LOUISE THOMAS tells how a prehistoric 'eating machine' is giving scientists new clues on the world's early days.
A geological expedition in Antarctica has unearthed huge deposits of dinosaur bones in a surprise find that has excited scientists around the world.
The fossilised bones were discovered in the remote Vega and Seymour Island and Antarctica Peninsula areas, and give powerful support to the theory of "continental drift."
The remains include bones of two giant marine reptiles - the mosasaur, an alligator-like animal with paddles, and the plesiosaur, which resembled popular images of the Loch Ness monster.
American geologists made the find in January, but did not announce it until this week when expedition leader Dr Jim Martin, of the Museum of Geology in South Dakota, spoke to the International Symposium on Antarctica Earth Sciences at Victoria University in Wellington.
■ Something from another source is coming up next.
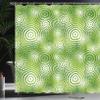 Ambesonne Abstract Shower Curtain, Circular Round Shaped Inner Geometric Eco Wavelength Illustration, Cloth Fabric Bathroom Decor Set with Hooks, 69" W x 84" L, Hunter Green White view 3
He said at least four different types of mosasaur lived in Antarctica. One type had previously been found only in North America and Europe.
The find gives further evidence that continents were once much closer than they are now, with connecting marine corridors. It also shows that Antarctica was once much warmer it is now.
Dr Martin said the creatures probably came to Antarctica around 75 to 80 million years ago.
"Mosasaurs were fantastic animals," he said.
"Some were up to 10m long, maybe more, and they were armed with teeth seven to 10cm long. The skulls would easily be 1m long.
"The lower jaw was hinged so they could eat things larger than their own heads. They were very fast in the water, tail-propelled.
"They were eating machines - they were designed to eat anything and they did."
Dr Martin said expedition members were very excited at the find.
"Mosasaurs have been found across the world from Sweden to New Zealand, but we had no idea of them in Antarctica," he said.
"To find a whole bunch of them like this is really surprising."
The fossils include complete vertebrae, partial skeletons, whole jaws and teeth.